Beyond Automation: How Researchers Are Unpacking the Human Side of Artificial Intelligence
Table of Contents
Artificial intelligence is rapidly transforming our world, often framed by discussions of automation, efficiency, and disruption. But for a cohort of researchers at the University of Massachusetts Amherst, AI represents a powerful lens for understanding fundamental aspects of the human experience – sound, trust, and even humor. Their work delves into how existing technologies reflect and reshape human values, and how people respond to machines that increasingly perceive and interact with the world around them.
The Interdisciplinary Approach to Understanding AI’s Impact
machine listening, exploring artificial intelligence through the study of sound. While much attention focuses on AI’s ability to generate audio, Paskar is interested in what happens before generation – the crucial process of sound recognition. “I’m interested in sound recognition that is fueled by artificial intelligence, machine learning,” she explains. “There is this term that people sometimes use, machine listening.”

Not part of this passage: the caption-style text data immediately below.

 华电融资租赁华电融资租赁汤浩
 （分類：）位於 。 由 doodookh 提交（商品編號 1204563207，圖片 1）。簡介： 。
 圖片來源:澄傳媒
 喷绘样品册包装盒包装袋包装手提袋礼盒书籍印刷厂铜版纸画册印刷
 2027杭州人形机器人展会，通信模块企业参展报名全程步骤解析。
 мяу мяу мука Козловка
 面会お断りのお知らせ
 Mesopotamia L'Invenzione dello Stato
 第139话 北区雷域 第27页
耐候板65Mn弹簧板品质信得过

Paskar’s work moves beyond the familiar categories of music and speech, focusing instead on “the rest of the sonic world” – environmental sounds, background noise, and nonhuman audio. She notes that humans currently excel at categorizing these nuanced sounds – distinguishing, such as, between a burglar and a cat – but that AI technology is rapidly advancing. Paskar sees her research as a way to raise awareness of the inherent assumptions embedded within technology. “Sound is realy under-looked… underrated,” she says. She also draws parallels between current anxieties surrounding AI and past reactions to new technologies,like the phonograph,suggesting that fears often reflect broader social shifts.
The proliferation of deepfakes – AI-generated videos and images – is raising critical questions about trust and perception. Doctoral candidate Shahnaz Bashir is analyzing audience reactions to these increasingly sophisticated forgeries, focusing on how viewers interpret authenticity, intent, and credibility across different cultural contexts.

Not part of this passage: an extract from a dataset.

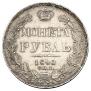 1 рубль 1840 года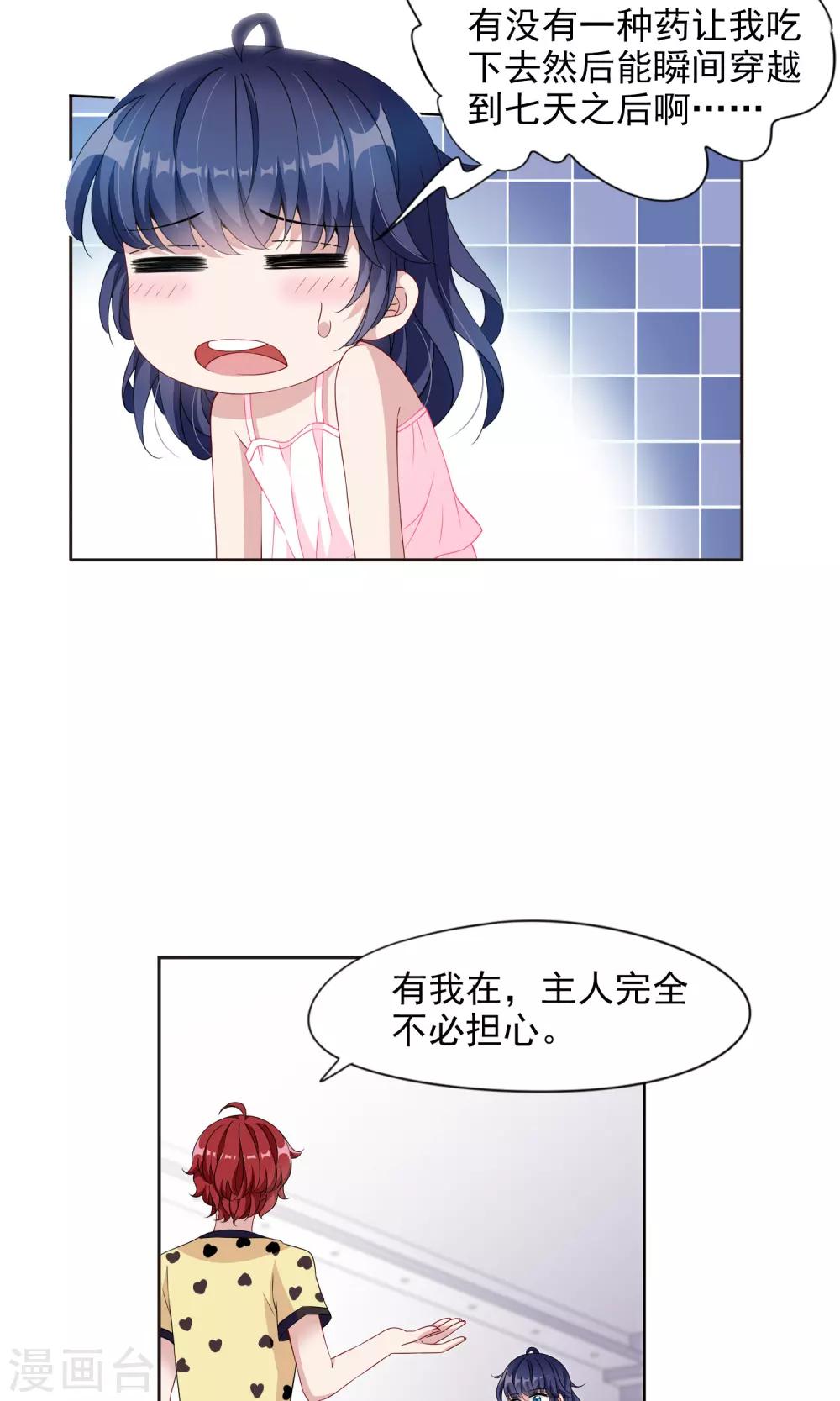 最终话 大数据时代到来6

Bashir’s research reveals that deepfakes are no longer limited to political disinformation. They are now appearing in advertising, social media influencing, and even as a means for individuals to cope with loss by creating AI-generated versions of deceased loved ones. Though, this widespread use is contributing to a growing sense of visual uncertainty. “It’s really difficult to tell a video apart from its fake version,” Bashir observes.”The technology is making it more refined and sophisticated.”
He cautions against relying solely on detection tools, warning that “there’s no forensics that can tell you what is and is not a deepfake,” and emphasizes the importance of verification and critical thinking. Bashir also highlights the danger of the “liar’s dividend,” where genuine footage can be dismissed as fake simply becuase deepfakes exist, underscoring the urgent need for enhanced media literacy.
Can AI Understand Humor Across Cultures?
Doctoral student Ibukun Filani approaches AI through the complex lens of humor, language, and culture. His research tackles a deceptively simple question: Can AI tell African jokes? Originally from Nigeria, Filani studies how AI systems generate humor based in African cultures, and why those attempts frequently enough fall flat.
Humor, he explains, is deeply rooted in shared knowledge, language, and social context.While computer-generated jokes have existed since the mid-1990s, african humor presents unique challenges for AI systems trained primarily on Western data.When jokes fail to land, Filani sees a reflection of the biases inherent in machine learning. “AI tends to just simply reproduce the colonial archive,which in itself is incomplete,” he observes. He argues that large language models learn not just language, but also genres – the frameworks through which we understand the world – and that this process often prioritizes Western perspectives. By using humor as a focal point, Filani’s work opens broader conversations about representation, inclusion, and cultural knowledge in the development of artificial intelligence, extending far beyond the realm of comedy.